You know, you just need a desk, a bed, and a stool should you have a visitor.
And this, on the left-hand side, you have a separate table for eating, and that has its
own stool that sits inside it. Everything has to be compact and fit inside everything, and
I'm very concerned about shipping costs. So, I'm trying to make new structures this time, so we can
reduce the shipping by half. And of course, then, the ultimate would be to use the crate itself.
Erin O Toole: And as you said, it's very easy to swap out the photographs. You can see here the
backs of some that are black, and then, there's just a thin teak bar. And you just move the bar,
pop the photograph out, put it into the storage, and then, put another one in, and it just takes a
moment to do it. So, it's very easy for somebody to reorganize the exhibition in the space.

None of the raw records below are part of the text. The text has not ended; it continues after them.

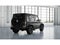 2027 Mercedes-Benz G-Class G 63 AMG® 4MATIC®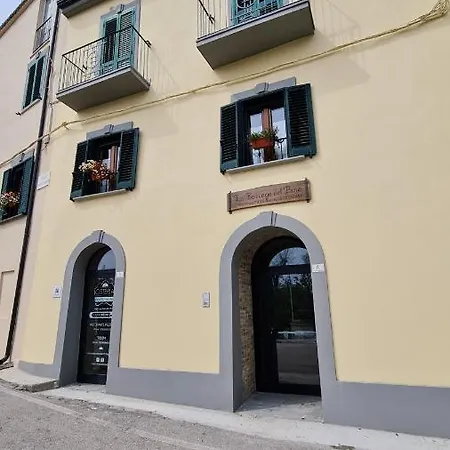 Residenza 
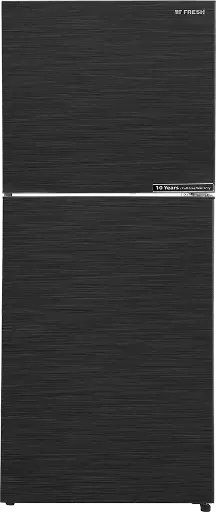 [ثلاجه فريش، ثلاجة بابين، نوفرست، 329 لتر، اسود، FNT-BS370BBC
] ثلاجه فريش، ثلاجة بابين، نوفرست، 329 لتر، اسود، FNT-BS370BBC
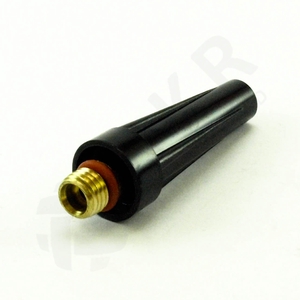 Back cup SRT-9/126/20 medium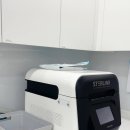 연희연세치과의원 이미지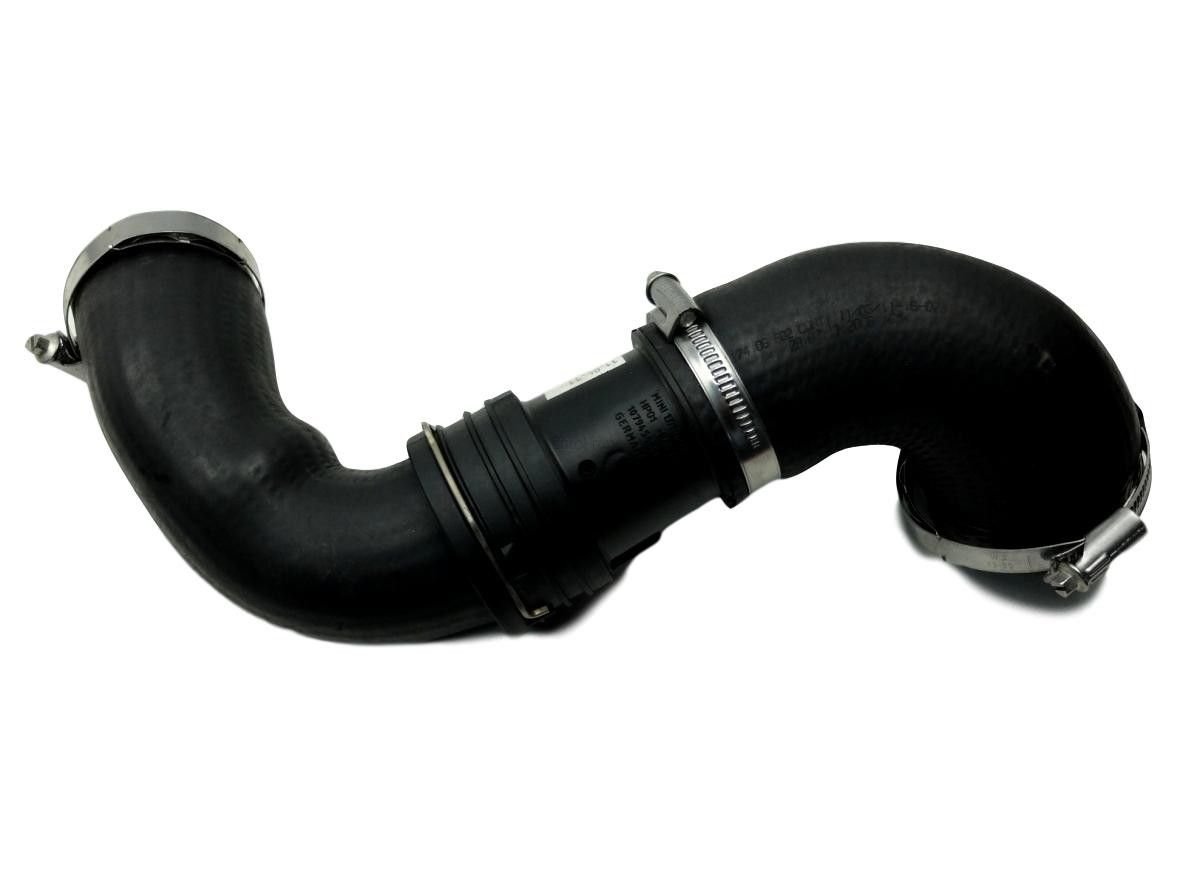 HELP Unknown hose keeps popping off Mini Cooper Forums Mini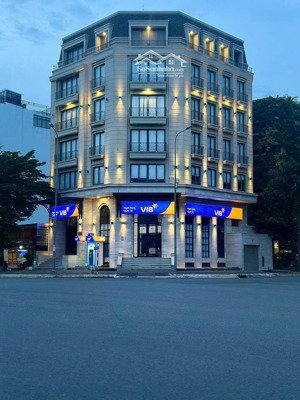 chinh chủ bán lô p11 đường 20m - dự án huy hoàng - thạnh mỹ lơi - q2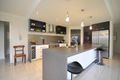 Property photo of 21 Comice Place Newnham TAS 7248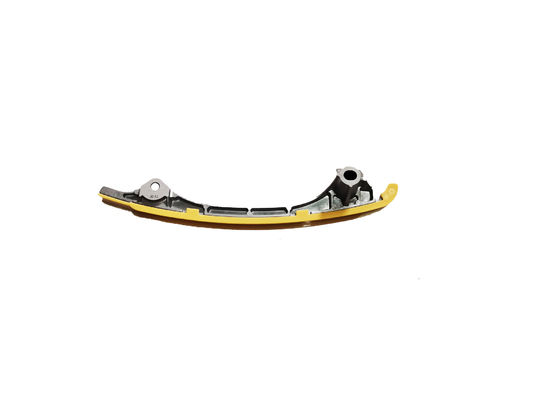 Bộ chuỗi thời gian # 13506-75050 Prado/ Sea Lion/ Costa nhập khẩu Runner # 13540-75041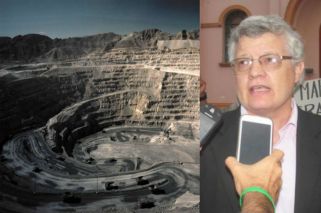 Caso Glencore: piden detener a ex autoridades de la Universidad de Tucumán por desvío de fondos en minera La Alumbrera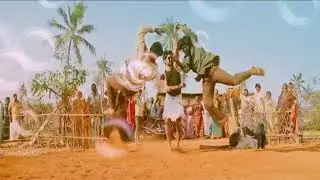 Mersel Teaser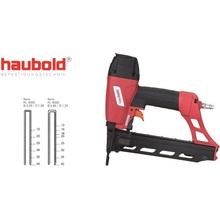 Haubold PN 6040 L-I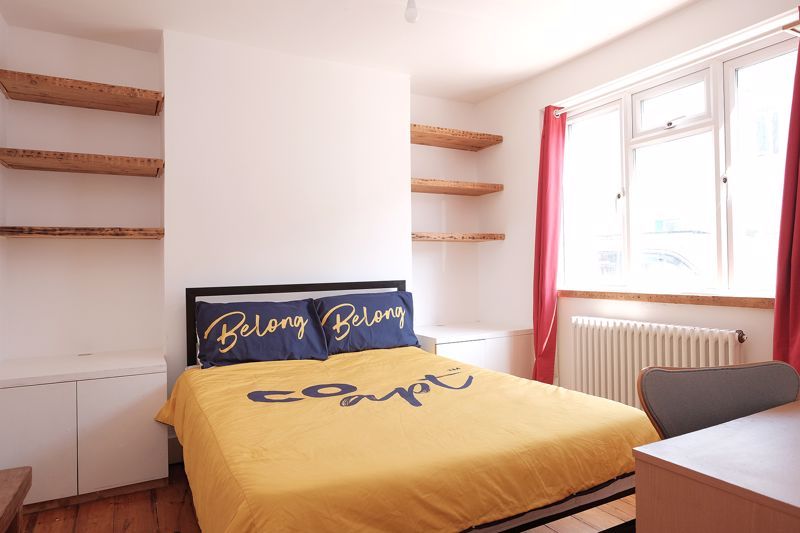 Property photo 3 of 9 Bedroom 2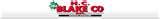Pictures of Heat Pumps Huntsville Al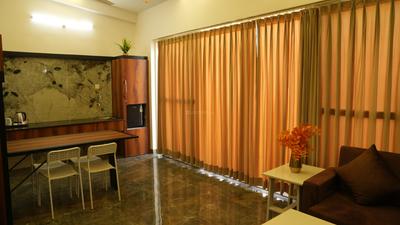 Project Image of 1000.0 - 1500.0 Sq.ft 1 BHK Villa for buy in Sethji Ni Wadi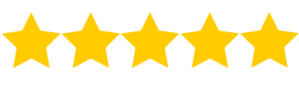 5 star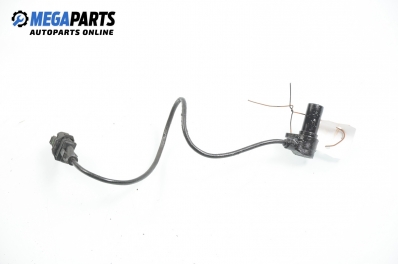 Crankshaft sensor for Fiat Bravo 1.9 JTD, 105 hp, hatchback, 2000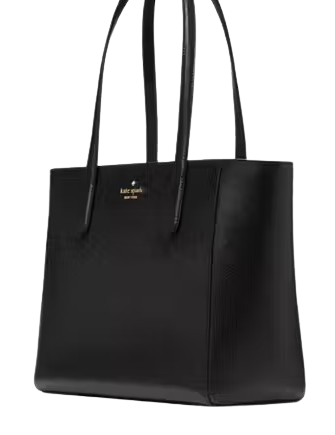 Kate Spade New York Staci Medium Tote | Brixton Baker Kate Spade New York Staci Medium Tote | Brixton Baker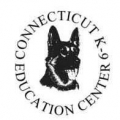 Connecticut K-9 Education Center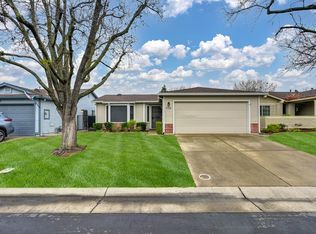 7528 Sunwest Ln, Sacramento, CA 95828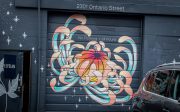 1680003-2019-09-13-streetart-in-vancouver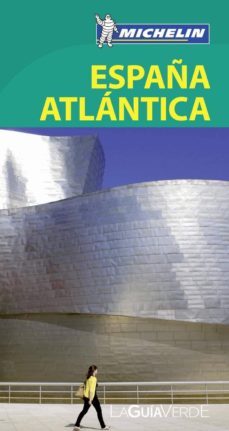 guia verde españa atlantica 2013-9782067177376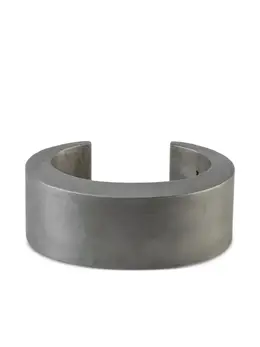 Parts of Four: Браслет  Crescent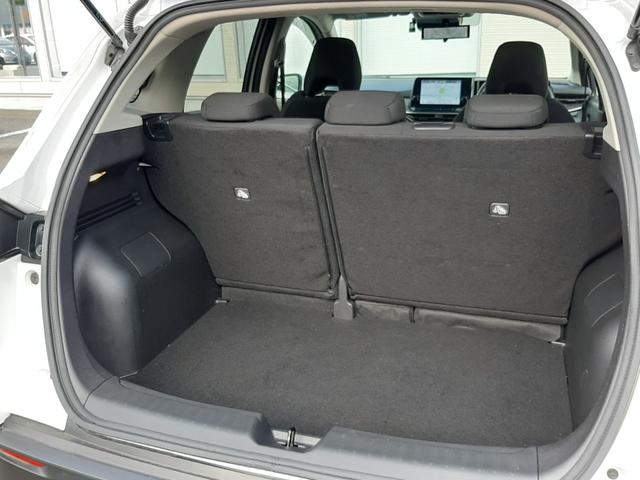 ノート Ｘ　純正９型ディスプレイ　禁煙車　インテリミラー　アラウンドビューモニター　純正ドラレコ　ＥＴＣ２．０　シートヒーター　ステアリングヒーター　ＬＥＤオートライト　前後ソナー　ＣａｒＰｌａｙ対応（16枚目）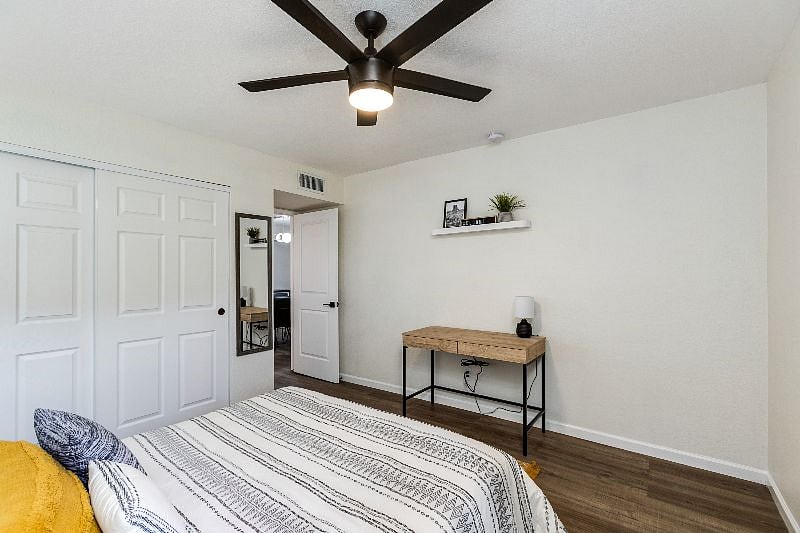 Furnished Finder property 404057_1 photo 15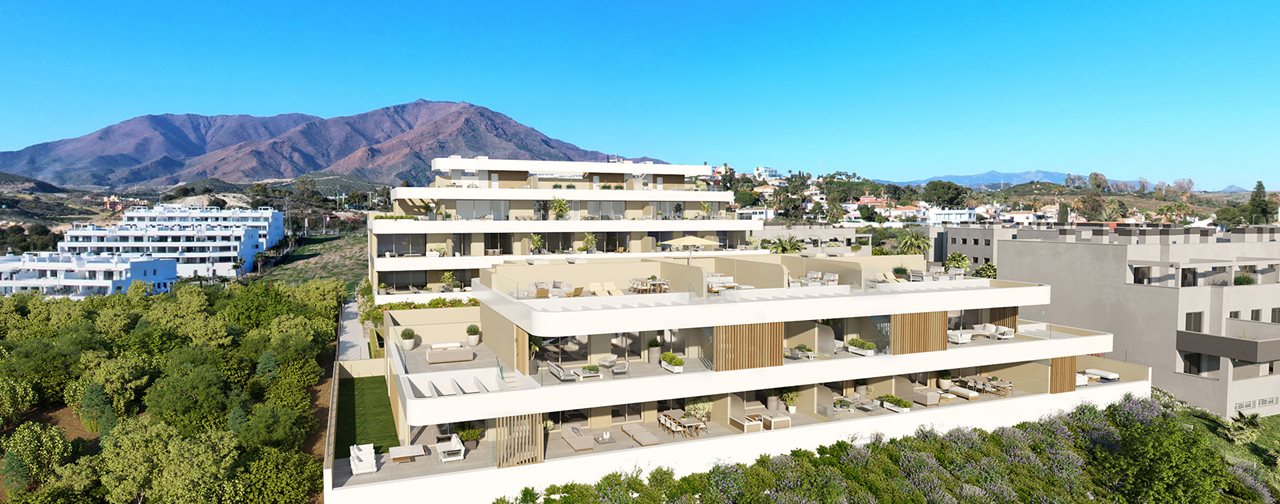 1723 Apartments Estepona-10
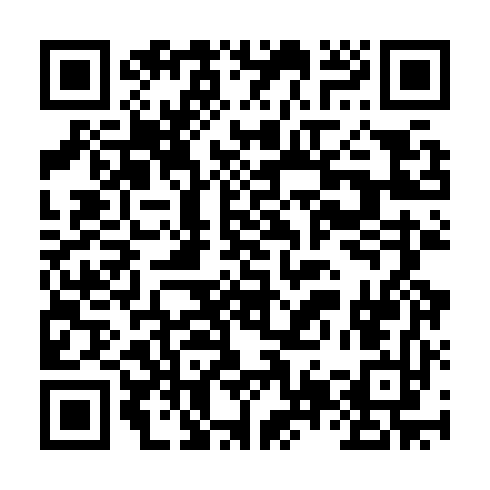 QR code for plate KCW 239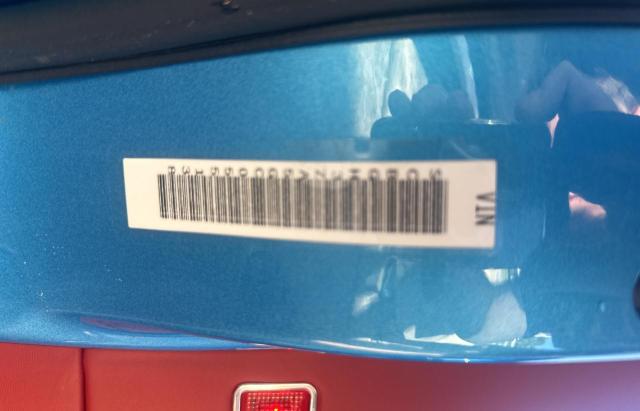 2016 BENTLEY CONTINENTA SCBGH3ZA5GC055138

Dayanita Singh: I hope you will reorganize it a few times or
invite some people to reorganize it. [crosstalk]
Erin O Toole: [crosstalk] Yeah, for sure.
Dayanita Singh: [indistinguishable] Because somehow, that's the thing I don't like about
museums, that the work gets fossilized. And this is meant to be activated. I should actually put
it into the contract! [O Toole laughs] The curator must rearrange at least five images!
Erin O Toole: I like that. And so, what you see here is the installation at SFMOMA. So,
there's the Museum Bhavan, the books on the wall, the Museum of Shedding in the middle, and then
Suitcase Museum on the wall. And I remember very early on, when we started talking about this, that
it was very that you liked the idea that I had come up with for the exhibition,
with this idea that it was a very flat-footed concept. That I had been noticing a number of
photographers who I admired were making work that was taking the work off the wall and bringing
it into the center of the gallery in different forms. And your response to it had been that you
really wanted to have the pictures in the middle, and the books on the wall.
Dayanita Singh: Because that has been my dream, you know? In the same space. Because that makes
my point. So, this for me is ... I can't help ... I would have been there. I would have come
and lived in San Francisco for a month, and been there every day and rearranged the space,
and then the art handlers would get annoyed with me, and then there would be
those problems. But, you know, I would keep pushing to keep engaging with the work, myself.
It's just perfect. Because the prints are in the middle of this room. They're not on the wall.
The book is on the wall. And for me, you know, in years to come, it may not mean very much,
because that will become the norm. But as I was saying to you the other day, when we look
at the history of the photobook, this will be a historical show because you did it in one place.
People have shown the book on the wall, but then we don't have a museum there.
The MMK did a version of it, so. But this is very compact. And it's taken the It's not just my work.
You see, what's special about this is that there's three other artists. Three wonderful artists.
So now it's not just me. Yes, that's what makes it special. It's not just me going on
and on about the book on the wall, the book on the wall, the book on the wall prints off the wall,
prints off the wall. It's someone has acknowledged that there is a shift happening.
And so, I'm very happy to be If it was just my work, I wouldn't feel It would be wonderful,
but not It's because of how you have situated it. And I'm really, really grateful to you for that.
Erin O Toole: Well, thank you. I'm so glad!
[laughs] Yeah. I think what's so interesting is that each of these artists is doing something
completely different. And that had been my goal, was to have an exhibition that had
it's five artists who each are experimenting with the form of photography, but in different ways.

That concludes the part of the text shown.